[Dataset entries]
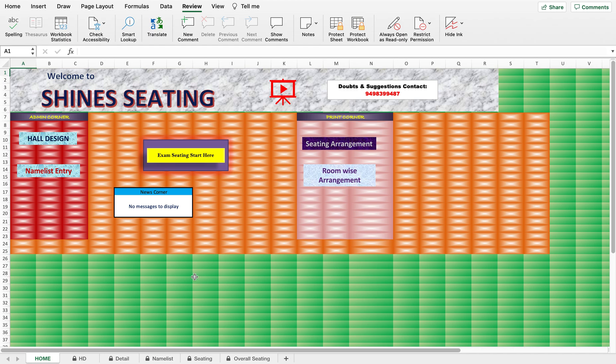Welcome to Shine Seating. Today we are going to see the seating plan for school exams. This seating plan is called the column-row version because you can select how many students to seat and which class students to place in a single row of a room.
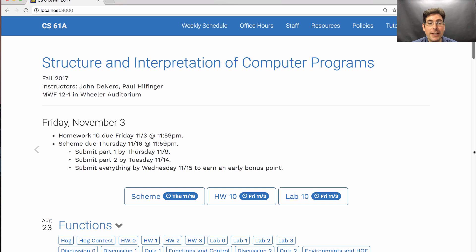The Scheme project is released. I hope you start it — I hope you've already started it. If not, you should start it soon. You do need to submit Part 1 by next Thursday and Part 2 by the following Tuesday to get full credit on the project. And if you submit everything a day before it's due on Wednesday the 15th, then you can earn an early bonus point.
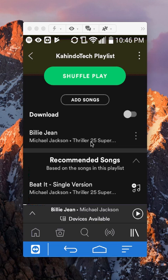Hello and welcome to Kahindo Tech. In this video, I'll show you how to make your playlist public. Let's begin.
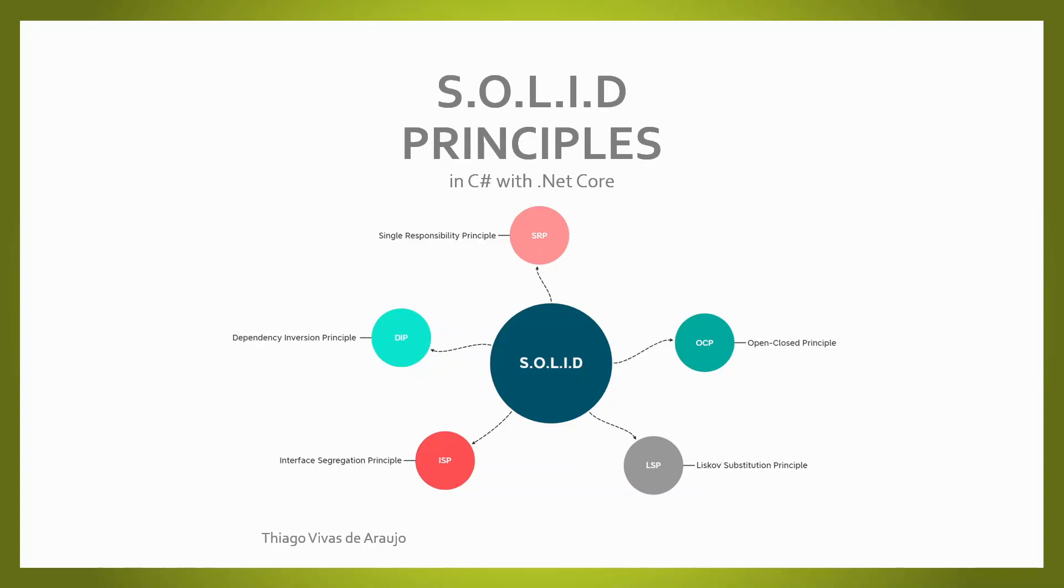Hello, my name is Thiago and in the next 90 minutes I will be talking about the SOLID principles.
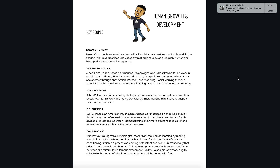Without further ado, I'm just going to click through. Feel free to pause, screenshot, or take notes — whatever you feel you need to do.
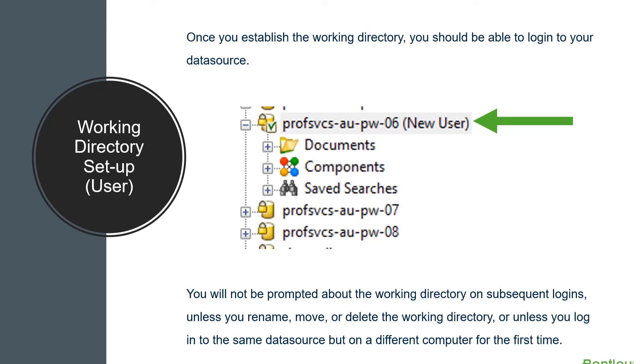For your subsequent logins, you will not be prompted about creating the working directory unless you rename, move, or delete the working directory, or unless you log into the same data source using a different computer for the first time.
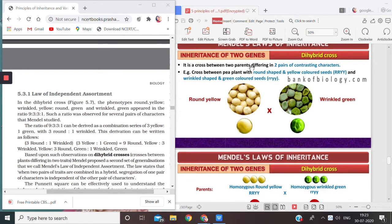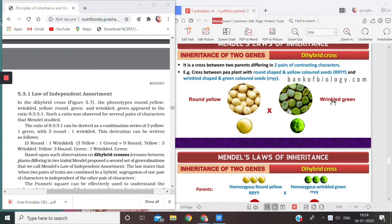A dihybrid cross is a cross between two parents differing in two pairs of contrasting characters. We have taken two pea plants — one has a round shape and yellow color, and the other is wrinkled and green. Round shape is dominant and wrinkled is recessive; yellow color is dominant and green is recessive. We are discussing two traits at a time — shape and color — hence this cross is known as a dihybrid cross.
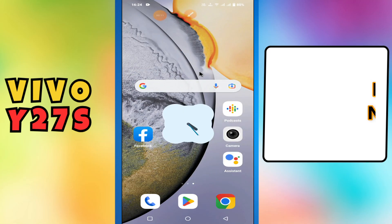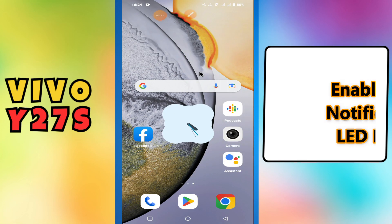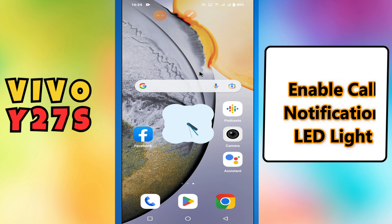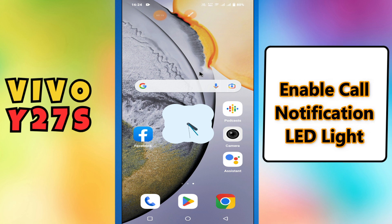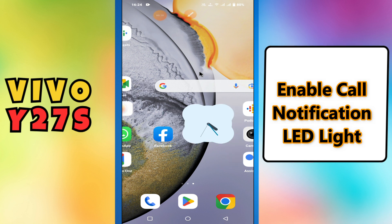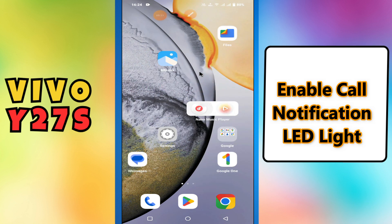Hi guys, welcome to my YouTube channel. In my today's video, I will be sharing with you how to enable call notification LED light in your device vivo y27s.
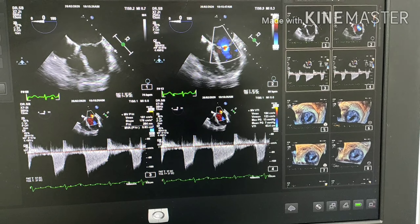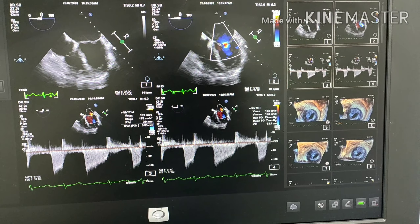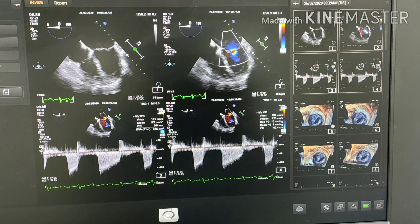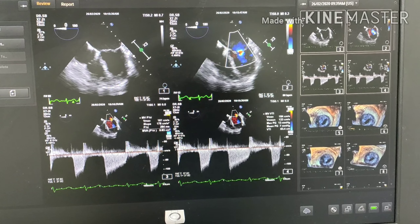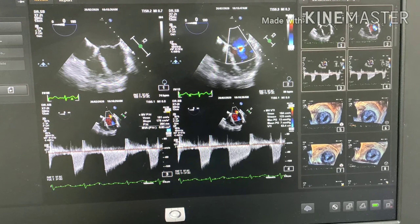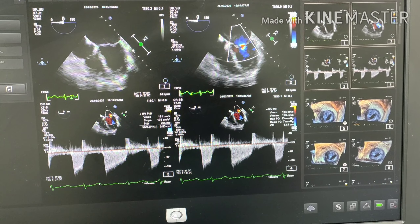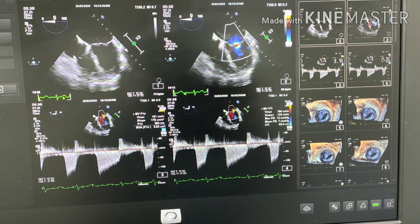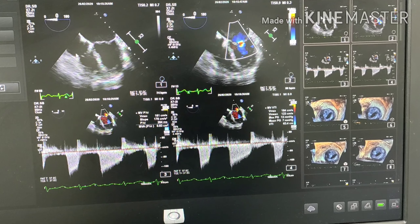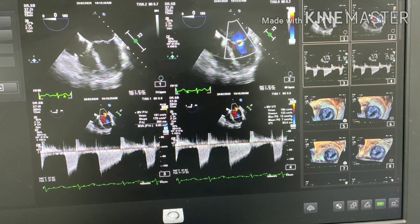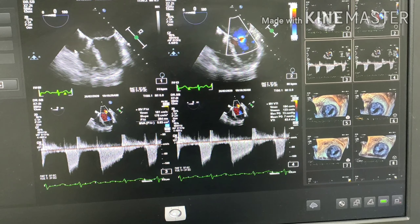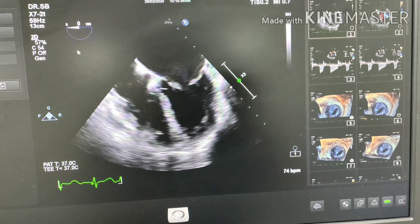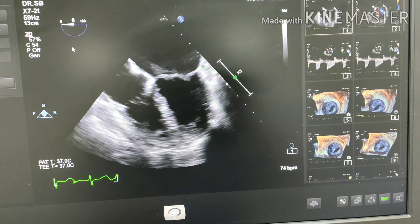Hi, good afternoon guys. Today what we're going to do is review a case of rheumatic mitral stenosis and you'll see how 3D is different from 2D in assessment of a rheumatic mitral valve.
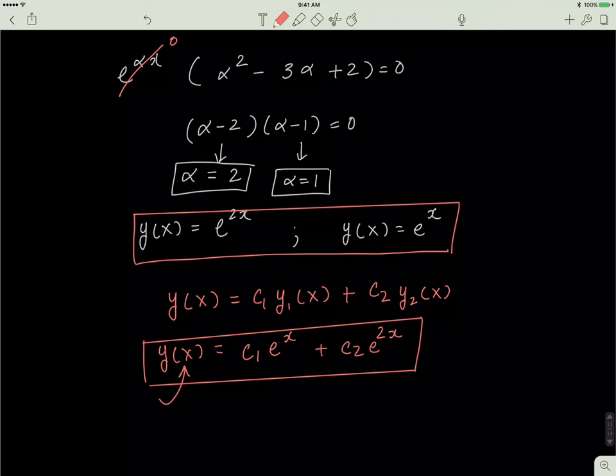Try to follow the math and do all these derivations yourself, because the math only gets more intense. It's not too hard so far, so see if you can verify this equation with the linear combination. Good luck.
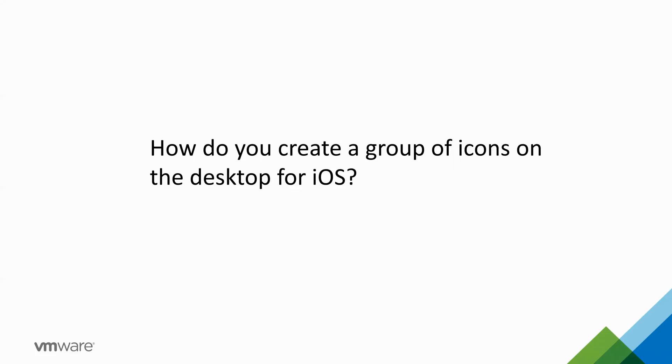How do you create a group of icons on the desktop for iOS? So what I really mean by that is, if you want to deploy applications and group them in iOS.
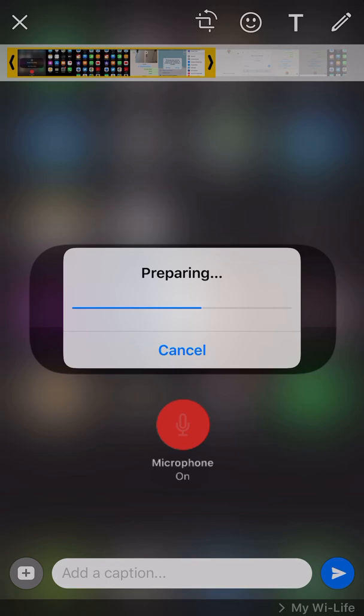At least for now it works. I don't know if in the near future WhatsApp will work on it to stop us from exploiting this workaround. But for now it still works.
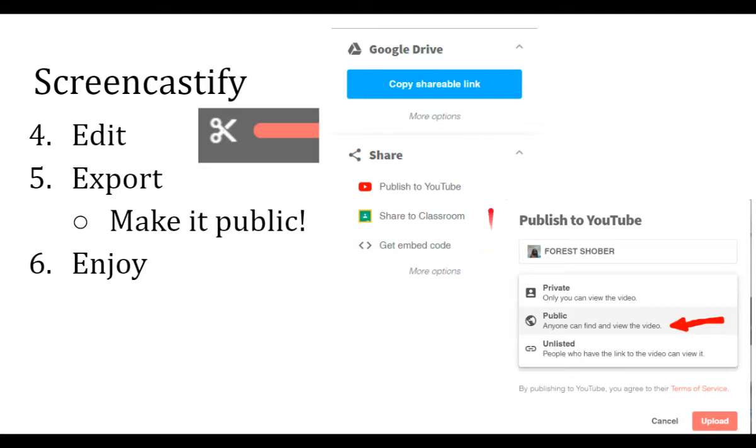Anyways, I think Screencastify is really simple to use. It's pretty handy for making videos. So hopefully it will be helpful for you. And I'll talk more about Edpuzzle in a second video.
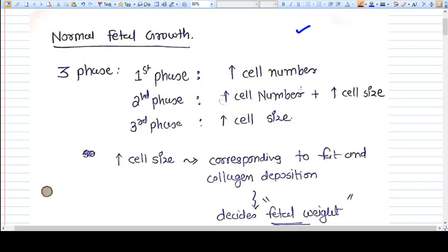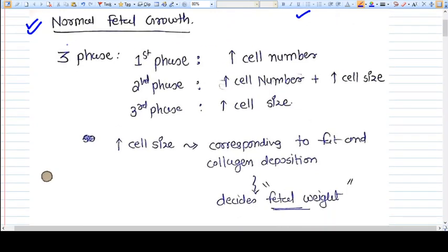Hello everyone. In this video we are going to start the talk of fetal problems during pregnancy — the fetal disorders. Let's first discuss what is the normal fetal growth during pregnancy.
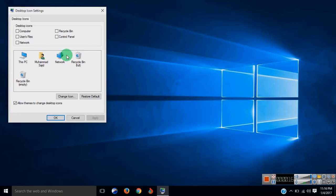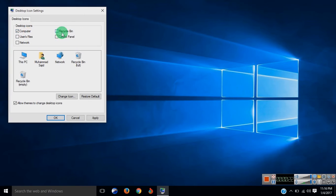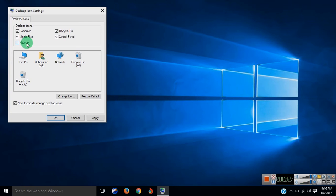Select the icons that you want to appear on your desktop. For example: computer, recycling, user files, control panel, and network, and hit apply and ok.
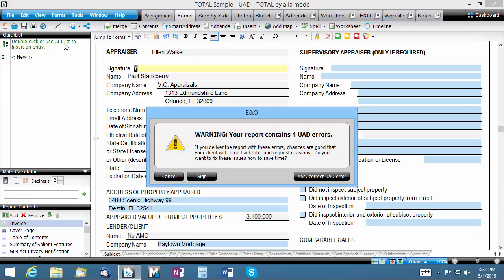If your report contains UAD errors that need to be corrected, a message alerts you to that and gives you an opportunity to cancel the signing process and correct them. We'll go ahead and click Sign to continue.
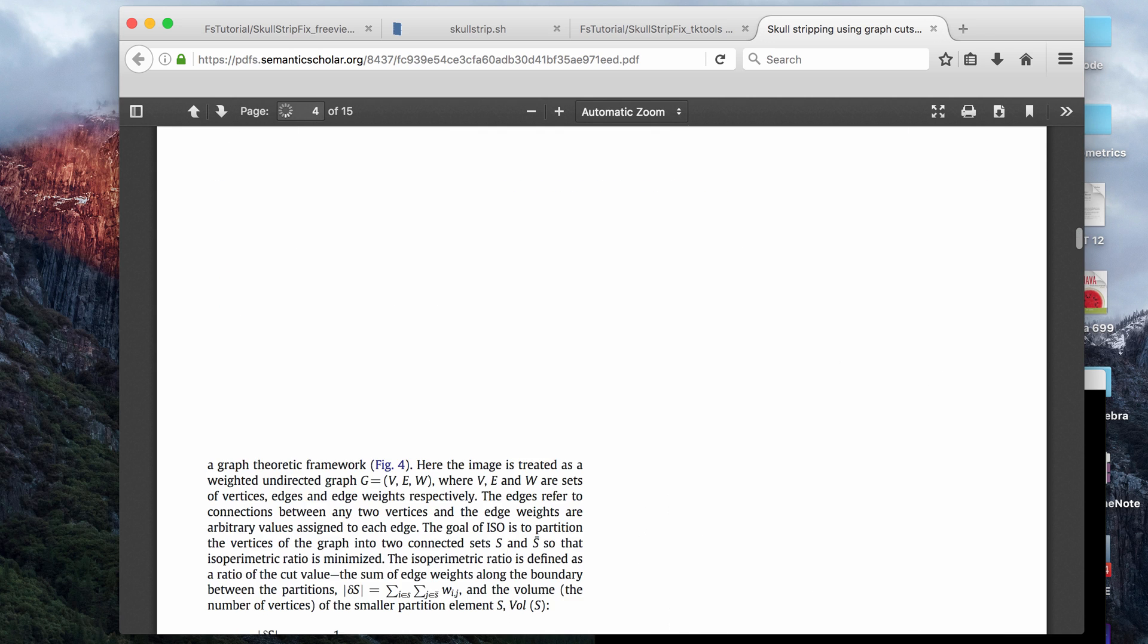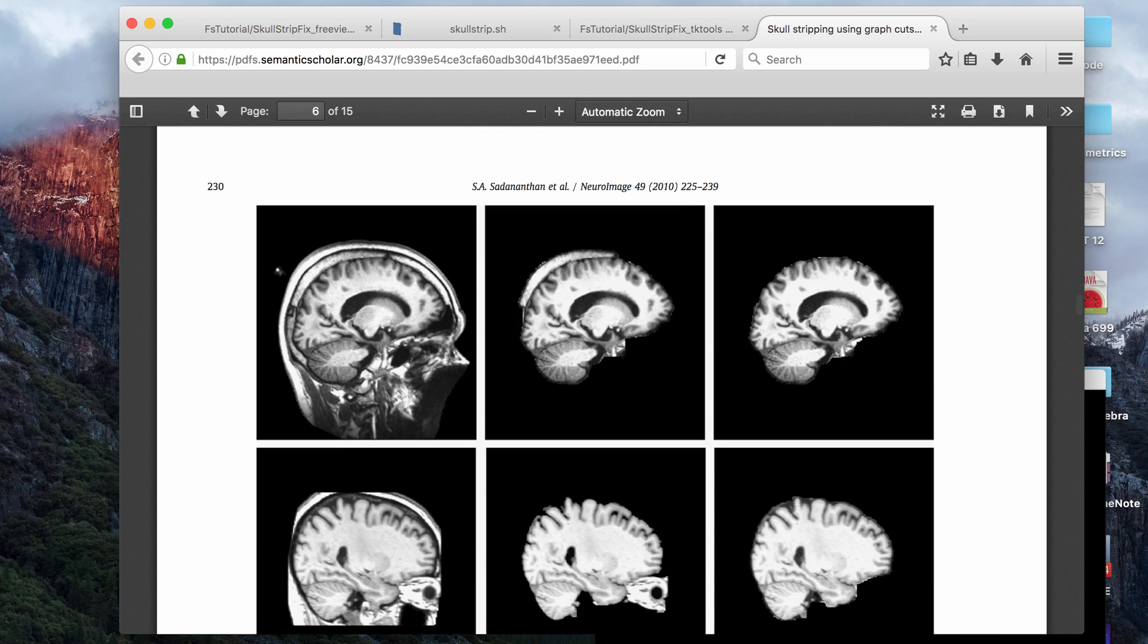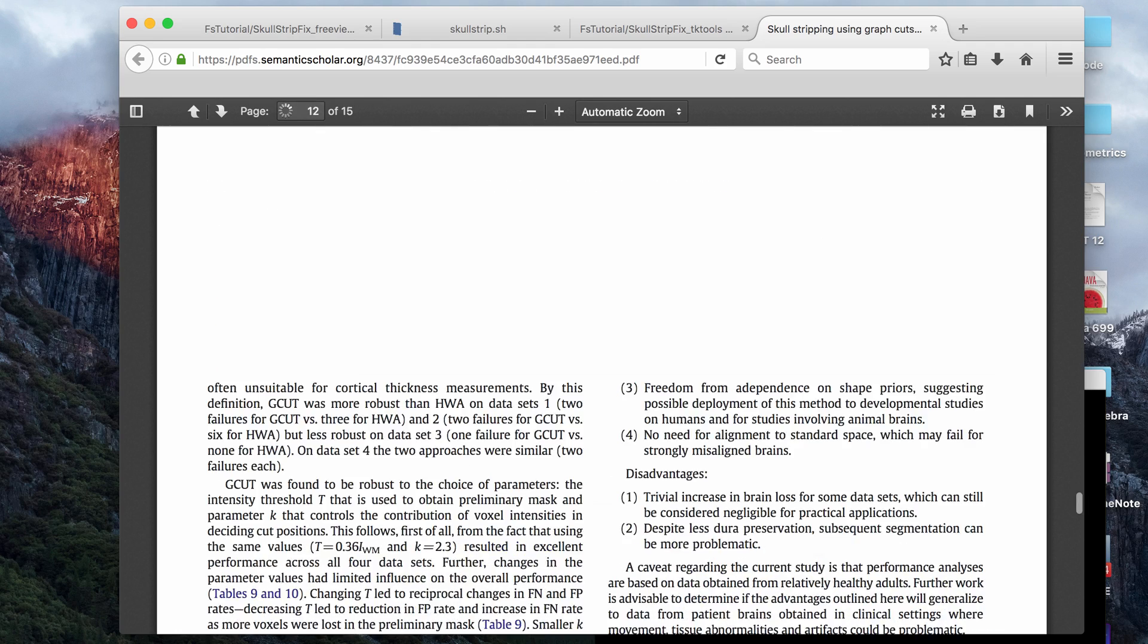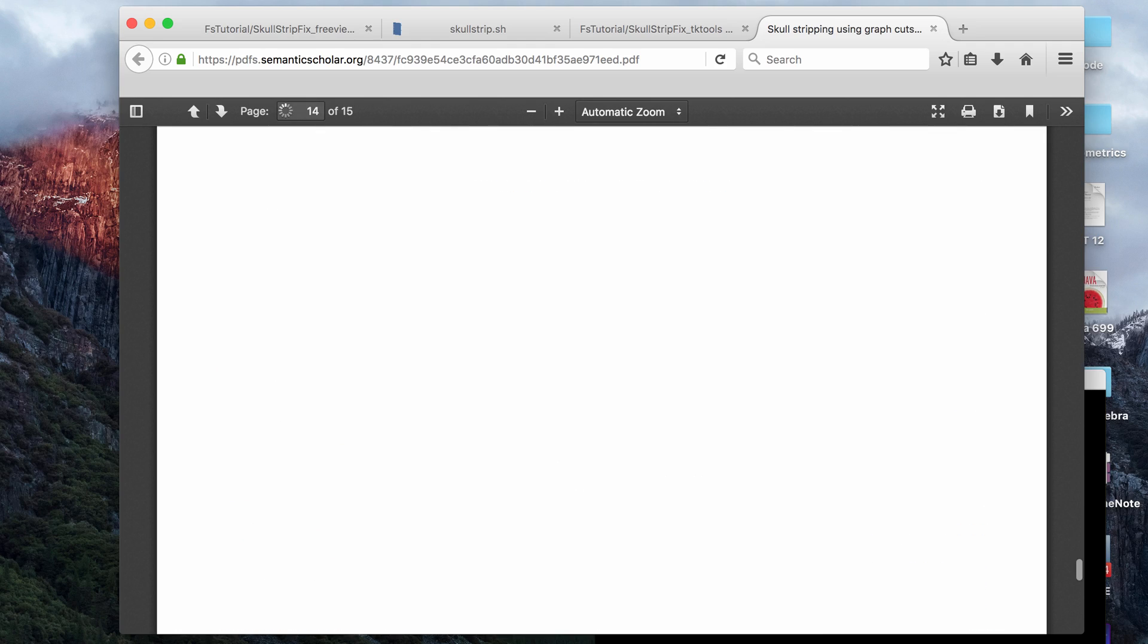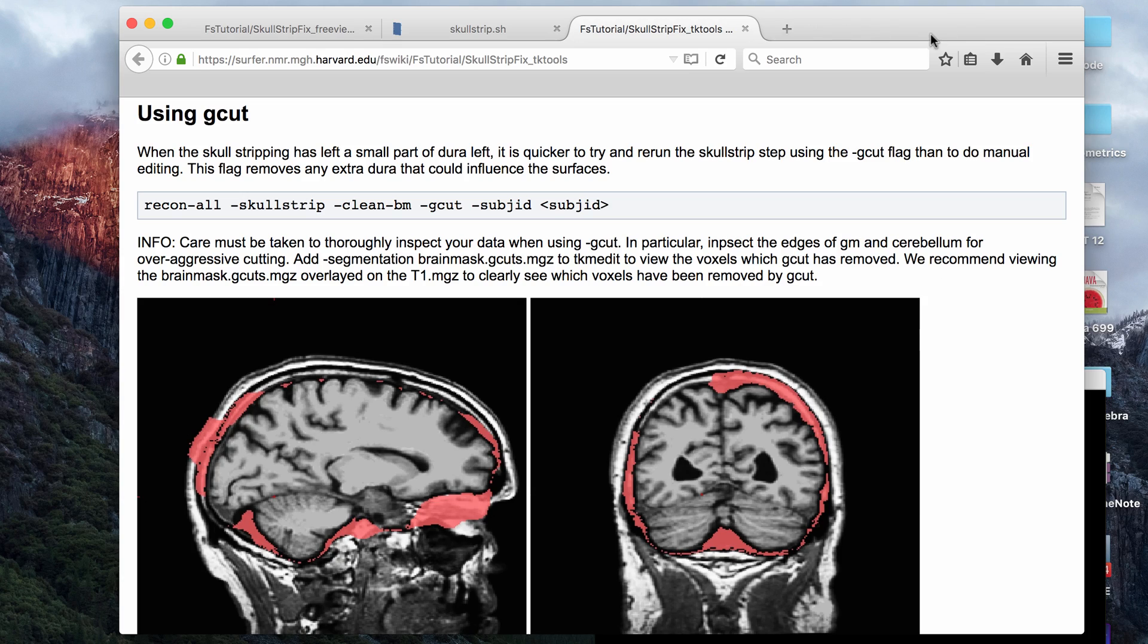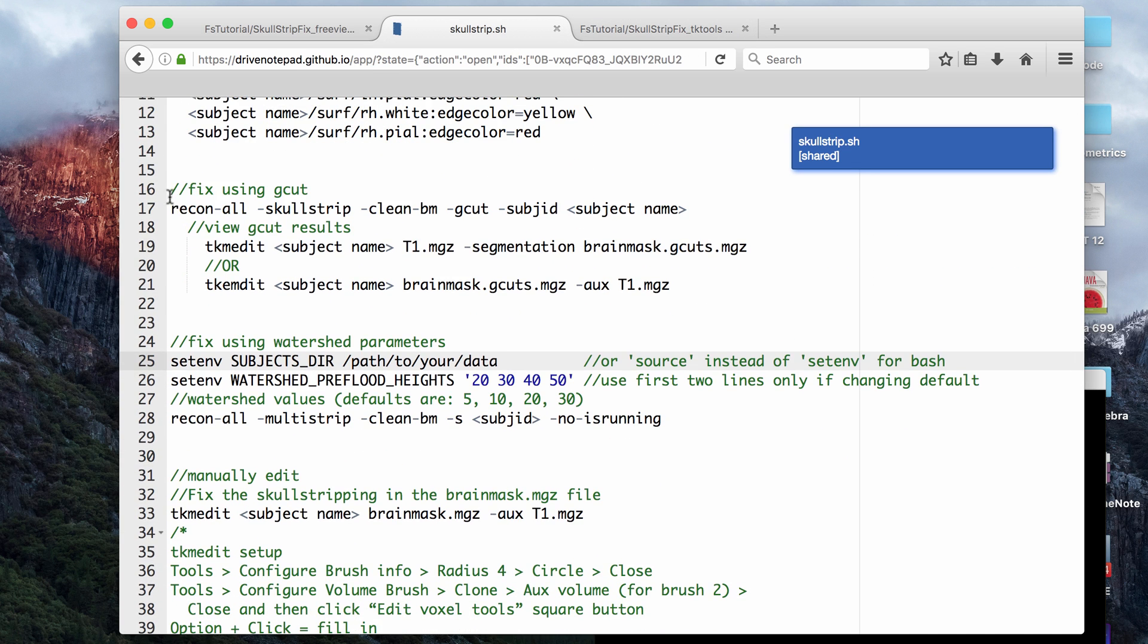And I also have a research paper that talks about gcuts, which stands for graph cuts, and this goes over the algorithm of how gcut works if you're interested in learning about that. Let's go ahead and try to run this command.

Problem description:
The copy must match every line of the data exactly and contain no pictures.

Completed task:
Welcome to Shine Seating. Today we are going to see the seating plan for school exams. This seating plan is called the column-row version because you can select how many students to seat and which class students to place in a single row of a room.
The Scheme project is released. I hope you start it — I hope you've already started it. If not, you should start it soon. You do need to submit Part 1 by next Thursday and Part 2 by the following Tuesday to get full credit on the project. And if you submit everything a day before it's due on Wednesday the 15th, then you can earn an early bonus point.
Hello and welcome to Kahindo Tech. In this video, I'll show you how to make your playlist public. Let's begin.
Hello, my name is Thiago and in the next 90 minutes I will be talking about the SOLID principles.
Without further ado, I'm just going to click through. Feel free to pause, screenshot, or take notes — whatever you feel you need to do.
For your subsequent logins, you will not be prompted about creating the working directory unless you rename, move, or delete the working directory, or unless you log into the same data source using a different computer for the first time.
A dihybrid cross is a cross between two parents differing in two pairs of contrasting characters. We have taken two pea plants — one has a round shape and yellow color, and the other is wrinkled and green. Round shape is dominant and wrinkled is recessive; yellow color is dominant and green is recessive. We are discussing two traits at a time — shape and color — hence this cross is known as a dihybrid cross.
Hi guys, welcome to my YouTube channel. In my today's video, I will be sharing with you how to enable call notification LED light in your device vivo y27s.
Hi, good afternoon guys. Today what we're going to do is review a case of rheumatic mitral stenosis and you'll see how 3D is different from 2D in assessment of a rheumatic mitral valve.
Try to follow the math and do all these derivations yourself, because the math only gets more intense. It's not too hard so far, so see if you can verify this equation with the linear combination. Good luck.
How do you create a group of icons on the desktop for iOS? So what I really mean by that is, if you want to deploy applications and group them in iOS.
At least for now it works. I don't know if in the near future WhatsApp will work on it to stop us from exploiting this workaround. But for now it still works.
Anyways, I think Screencastify is really simple to use. It's pretty handy for making videos. So hopefully it will be helpful for you. And I'll talk more about Edpuzzle in a second video.
Hello everyone. In this video we are going to start the talk of fetal problems during pregnancy — the fetal disorders. Let's first discuss what is the normal fetal growth during pregnancy.
Select the icons that you want to appear on your desktop. For example: computer, recycling, user files, control panel, and network, and hit apply and ok.
If your report contains UAD errors that need to be corrected, a message alerts you to that and gives you an opportunity to cancel the signing process and correct them. We'll go ahead and click Sign to continue.
And I also have a research paper that talks about gcuts, which stands for graph cuts, and this goes over the algorithm of how gcut works if you're interested in learning about that. Let's go ahead and try to run this command.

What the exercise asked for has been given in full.